1. Brandom’s Locke Lectures 2006, ‘Between Saying and Doing: Towards an Analytic Pragmatism’ (audio [currently unavailable] ¦ text)
2. Brandom’s Woodbridge Lectures 2007, ‘Animating Ideas of Idealism’ (text)
3. Articles on Making It Explicit here (see under ‘Readings’).
4. Special issue of Pragmatics & Cognition on Brandom here (subscription required).
I look forward to reading Selbsttatigkeit’s promised reflections on the Woodbridge Lectures. For my part, I think they have some serious flaws as a reading of the idealist tradition, which is much less social-pragmatic than Brandom makes out. (Something that I think is shown by the strength of the readings given by Allen Wood, John McDowell and, one of my supervisors, Bob Stern.) Nonetheless, Brandom always does a good job of presenting a clear story and his readings of the history of philosophy are usually far more interesting for what they reveal about his own project; if only because he often frames others as so many failed attempts at articulating something resembling his system. I’ll try and comment on the Woodbridge Lectures myself when I have the time, probably focussing on the reading of Hegel he puts forward.
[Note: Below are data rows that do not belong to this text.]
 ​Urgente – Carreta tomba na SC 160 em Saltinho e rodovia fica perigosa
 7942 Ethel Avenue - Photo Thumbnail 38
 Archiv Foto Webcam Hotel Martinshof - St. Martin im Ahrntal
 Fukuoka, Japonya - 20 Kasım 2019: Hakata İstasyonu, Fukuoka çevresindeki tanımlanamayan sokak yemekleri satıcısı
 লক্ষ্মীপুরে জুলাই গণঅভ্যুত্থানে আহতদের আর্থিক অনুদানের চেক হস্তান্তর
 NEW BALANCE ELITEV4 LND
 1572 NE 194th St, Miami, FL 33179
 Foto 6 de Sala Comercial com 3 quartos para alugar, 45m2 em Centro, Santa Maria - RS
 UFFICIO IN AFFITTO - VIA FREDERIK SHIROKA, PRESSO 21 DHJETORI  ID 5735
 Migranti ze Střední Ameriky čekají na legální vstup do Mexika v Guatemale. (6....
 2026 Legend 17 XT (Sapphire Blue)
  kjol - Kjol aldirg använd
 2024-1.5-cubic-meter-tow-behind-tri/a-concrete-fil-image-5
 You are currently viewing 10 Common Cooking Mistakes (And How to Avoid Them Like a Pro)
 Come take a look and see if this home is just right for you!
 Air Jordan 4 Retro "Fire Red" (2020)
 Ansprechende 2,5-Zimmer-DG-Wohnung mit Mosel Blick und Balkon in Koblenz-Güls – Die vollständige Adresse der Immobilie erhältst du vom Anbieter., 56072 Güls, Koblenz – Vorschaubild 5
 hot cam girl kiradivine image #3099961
thanks for the plug. i posted initial comments which are somewhat boring, but i thought were necessary. i’m happy you intend to focus on Hegel, since I’m finding that Brandom’s reading of Kant is rather (too?) Hegelian. i will likely try to focus on the Kantian notion of the subject, Sellars’ work on that, and McDowell’s so far uncollected comments on the “I” or subject. my major concern so far is how a plausible notion of the subject (and object) could be advanced since Brandom intends to ignore contributions from receptivity and sensibility. For instance, this part of Lecture One is very frustrating:
“[Kant] thinks that this metaconceptual transformation has profound consequences for what it is to be semantically in touch with—to be able to represent—objects so conceived. Those considerations are interwoven with a line of thought about sensibility and receptivity and neither are in any obvious way necessarily connected to the story about representational purport that I have told here. That there is nonetheless a deep connection, indeed a necessary harmony, between them is what the transcendental deduction aims to explain and to show.
But the fact that one of Kant’s central preoccupations is synthesizing these two thoughts about content—one, as Kant seems to have thought of it, having to do with the form of the metaconcept conceptual content, and the other having to do with its content—does not at all mean that it is not possible to dissect from the results of his synthesis one of the constellations of commitments he is concerned to integrate into a larger whole. There is an internal coherence to the line of thought about concepts (judging, hence apperception and understanding) that I have been laying out.”